Begin with the opening line of the records and extract each line through the one holding "Nike Guard Lock Soccer Guard Sleeves"; pictures are not part of the copy.

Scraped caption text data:
········

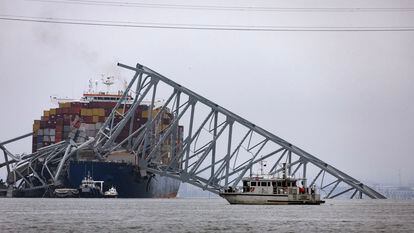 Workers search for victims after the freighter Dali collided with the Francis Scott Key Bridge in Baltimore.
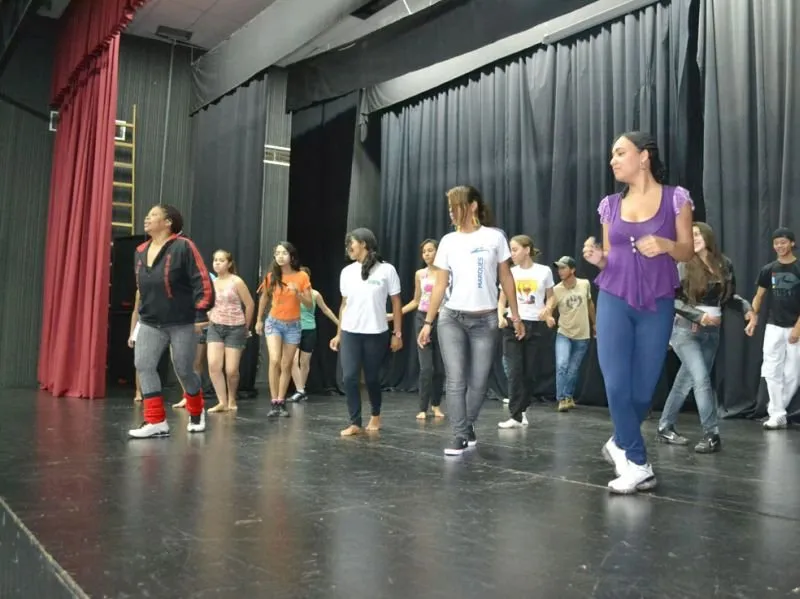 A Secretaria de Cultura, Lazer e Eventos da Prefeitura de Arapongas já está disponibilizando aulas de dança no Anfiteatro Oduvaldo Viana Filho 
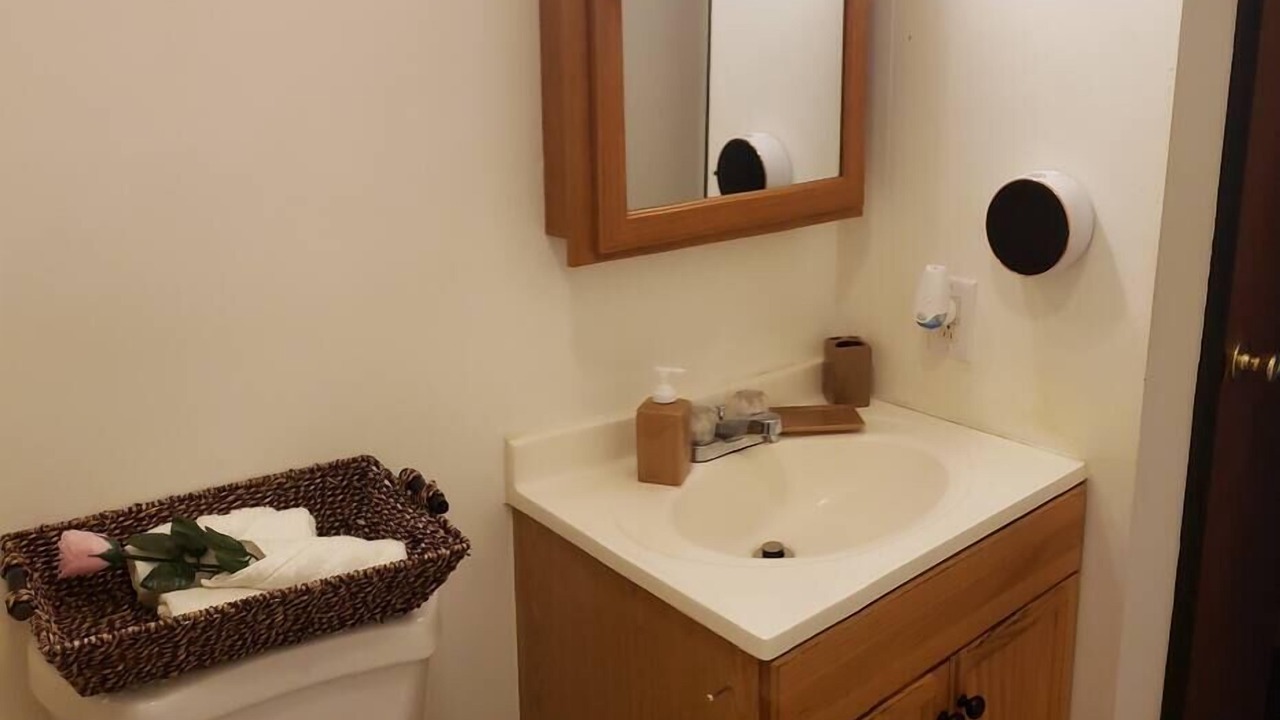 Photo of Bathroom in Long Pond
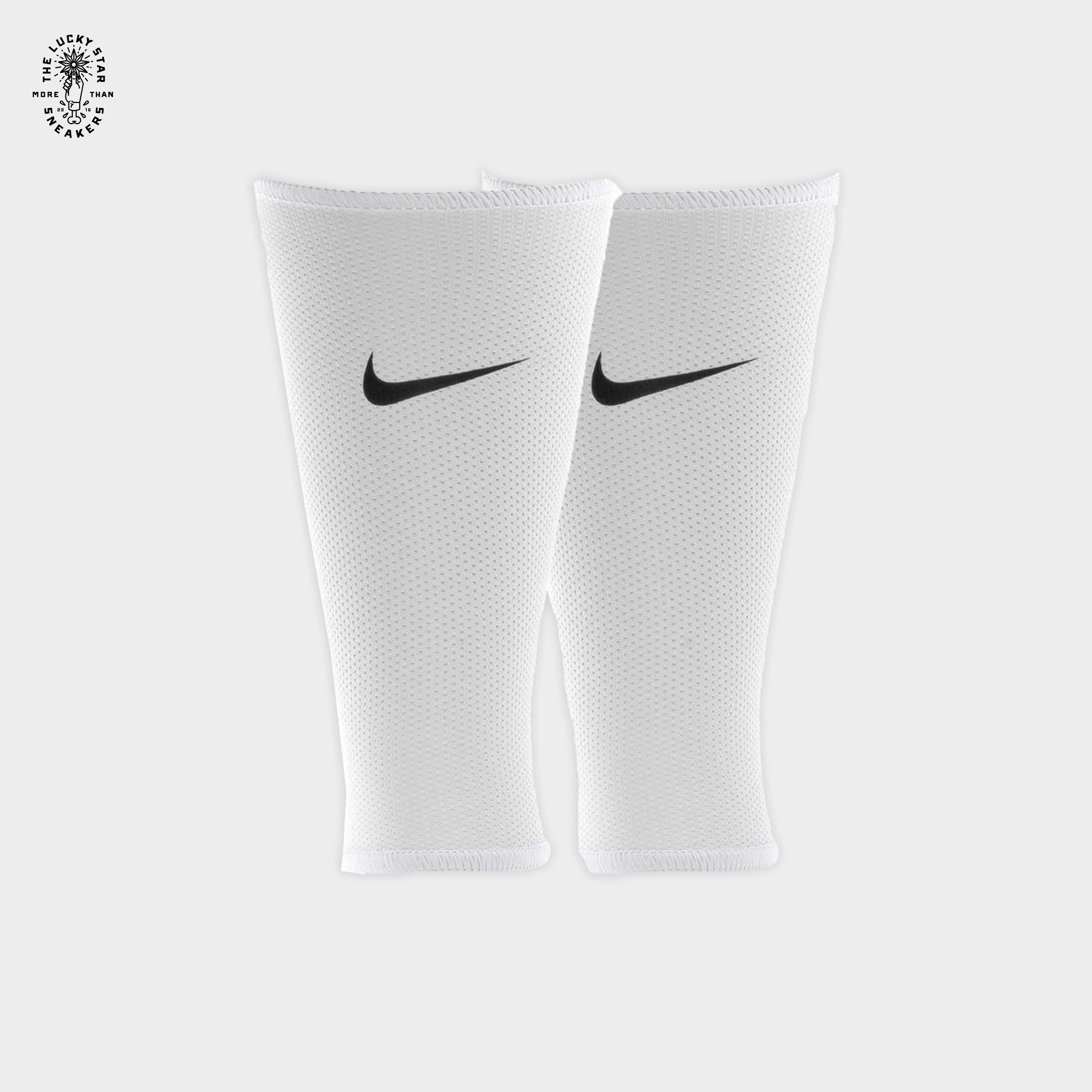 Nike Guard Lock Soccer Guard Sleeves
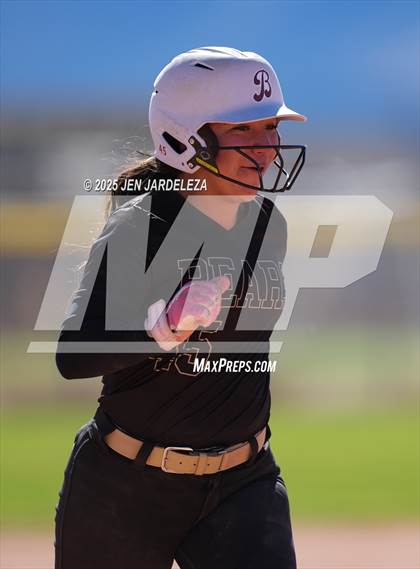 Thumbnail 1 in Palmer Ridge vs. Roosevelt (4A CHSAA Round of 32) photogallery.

········

#### [YOUR RESPONSE]
 Workers search for victims after the freighter Dali collided with the Francis Scott Key Bridge in Baltimore.
 A Secretaria de Cultura, Lazer e Eventos da Prefeitura de Arapongas já está disponibilizando aulas de dança no Anfiteatro Oduvaldo Viana Filho 
 Photo of Bathroom in Long Pond
 Nike Guard Lock Soccer Guard Sleeves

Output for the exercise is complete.